**Task details**
Beginning at the line containing "The only way", give again every line through the end of the data, unchanged and with both ends included. Drop any pictures.

**Data below**
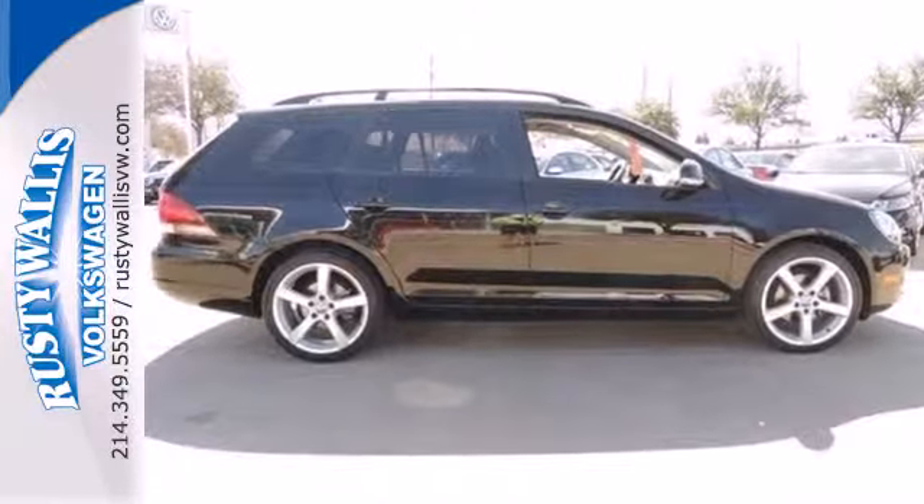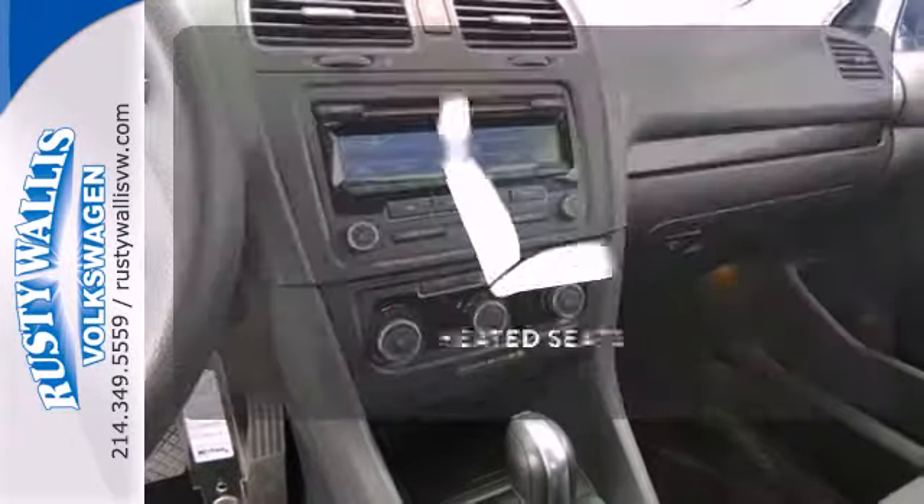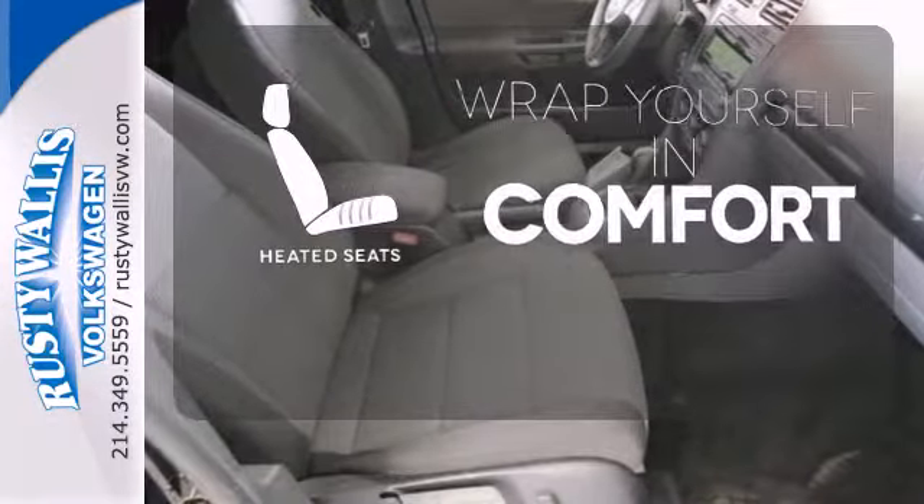Its stability and traction control, along with multiple airbags, are available for everyone's safety. Ward off the chills with the heated seats. You don't have to put your life on hold when you have Bluetooth.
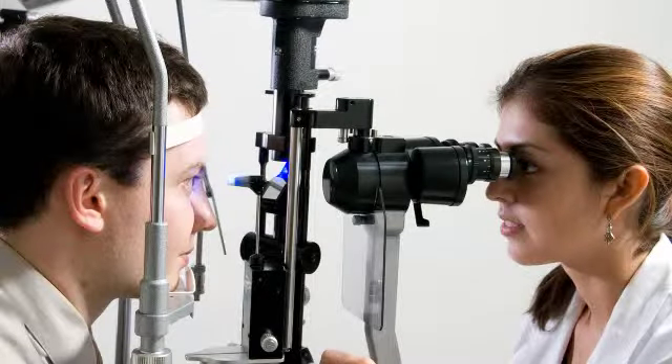The only way to know for certain if you have cataracts is to have a dilated eye exam. Your ophthalmologist or optometrist can detect early signs of cataract development by looking at your eye's lens.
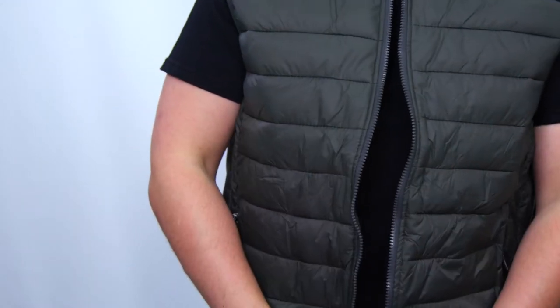Listen to that smooth zipper. And when it starts getting hot out, this puffer vest can be folded into a compact size and be ready for what the day has for you.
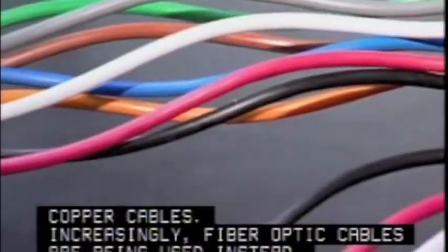Sending signals through wires to computers, TVs, and telephones used to require copper cables. Increasingly, fiber-optic cables are being used instead.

**Output**
The only way to know for certain if you have cataracts is to have a dilated eye exam. Your ophthalmologist or optometrist can detect early signs of cataract development by looking at your eye's lens.
Listen to that smooth zipper. And when it starts getting hot out, this puffer vest can be folded into a compact size and be ready for what the day has for you.
Sending signals through wires to computers, TVs, and telephones used to require copper cables. Increasingly, fiber-optic cables are being used instead.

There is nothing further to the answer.